Farewell and Welfare

Farewell and Welfare

Father Sebastian McDonald, C.P.
Father Sebastian McDonald, C.P.

These two words look and sound so much alike that it would seem they mean much the same thing. But that would not be quite accurate. St. James must have run into people in his day who thought much the same thing, though they didn’t speak the English language in which the similarity of the sound would have possibly conveyed much the same impression. For he had occasion to remark: “If a brother or sister has nothing to wear and has no food for the day, and one of you says to them, ‘Go in peace, keep warm, and eat well,’ but you do not give them the necessities of the body, what good is it? So also faith of itself, if it does not have works, is dead.” (2.15-17)

St. James was addressing a version of the farewell/welfare dyad. There is an odd linkage between the two terms, not only in their sound, but also in their relationship, not so much in terms of similarity but more so in terms of their contrast. We might initially look at them this way: if I am faring well, then my welfare is assured. Here there is a similarity: if I’m faring well, for example, financially, then my welfare is more or less assured, that is, my well-being at multiple levels (employment, housing, food, clothing, health care, education).

On the other hand, if my welfare is in jeopardy, I’m not faring well. If I’m “on welfare”, as St. James observes, I will be the recipient of many a “good luck and farewell” implying my “friendships” and my well-being are in danger. Should I have to rely on welfare, it is realistic to say farewell to those who were my friends, and to the “good ole days”.   So welfare suggests malware, i.e., things are not functioning well for me. We may desire to fare well, but we certainly do not want to be on welfare.

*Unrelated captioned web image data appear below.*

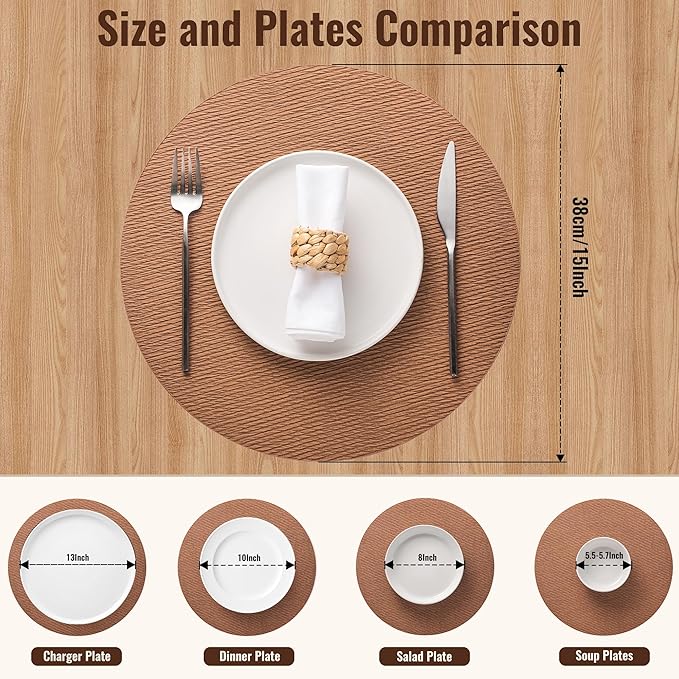 Jovono 15" Faux Leather Big Round Placemats Set of 6 - Washable Heat Resistant Non-Slip Dining Table Mats with Fabric Texture for Kitchen Home Party Decor, Brown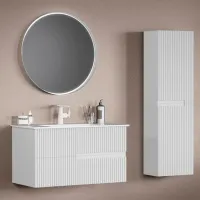 Dulap cu lavoar Orka Moonlight 70 Pe perete / MDF / White photo 3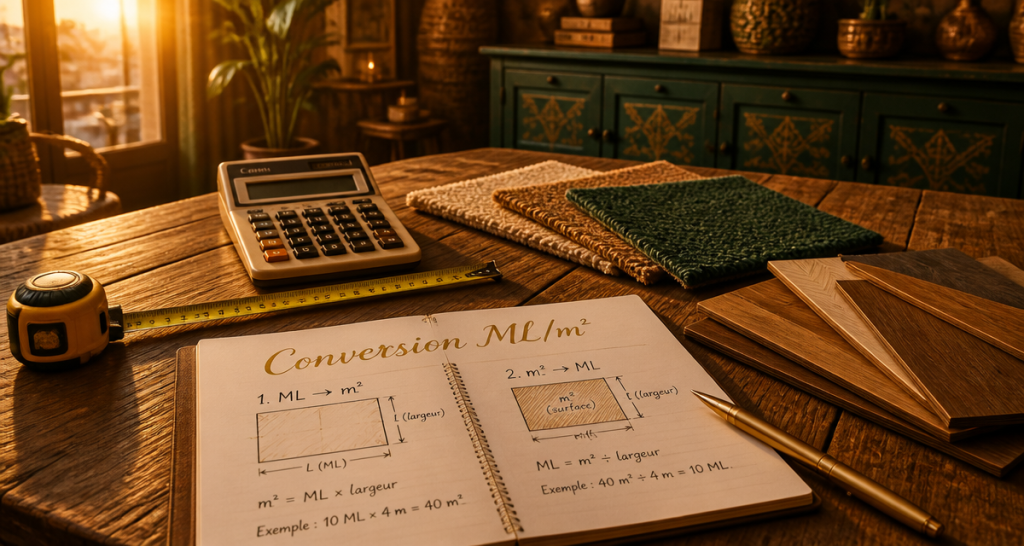 conversion metre lineaire en m2 avec outils sur table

So welfare seems to suggest we bid farewell to the good life and the well-being and the associations we formerly enjoyed. There is a stigma attached to welfare, unlike the esteem that seems to be associated with the greeting “farewell”. Faring well and being on welfare are no longer similar; they are opposites. Is my being on welfare endangering your welfare? Is your “fare well” a genuine expression of best wishes in my regard, or is it a definitive breaking of whatever bonded us in the past? St. James implies that “farewell” often implies breakage rather than bonding.

Another way of looking at this, of course, is when your welfare is a source of my faring well. It proves to be a bonding, not a breakage. This is when a person realizes he/she is not an island living separate or apart from others, but is an isthmus linking two separate, disparate entities. In this scenario, your faring well works to my advantage, that is, to my welfare. But it’s a two-way street because my welfare is part of the reason why you are faring well. Here, of course, we move beyond monetary units and begin to deal in another kind of currency, a spiritual type that the works of mercy itemize. You begin to accumulate “points” with God, certainly to your welfare, when you engage in genuine concern over my welfare. So we mutually benefit one another.   My financial impoverishment becomes an occasion for your spiritual enrichment. So now your “farewell” to me will mean a genuine expression of beneficence, not a brush off. It is your investment in my well-being that pays dividends for you. We both profit. This kind of farewell redounds to the welfare of both parties.

One thought on “Farewell and Welfare

  1. I like the way you presented farewell and welfare in this article and how you brought out the spiritual significance within them. Thanks again Father for sharing with us – appreciate it.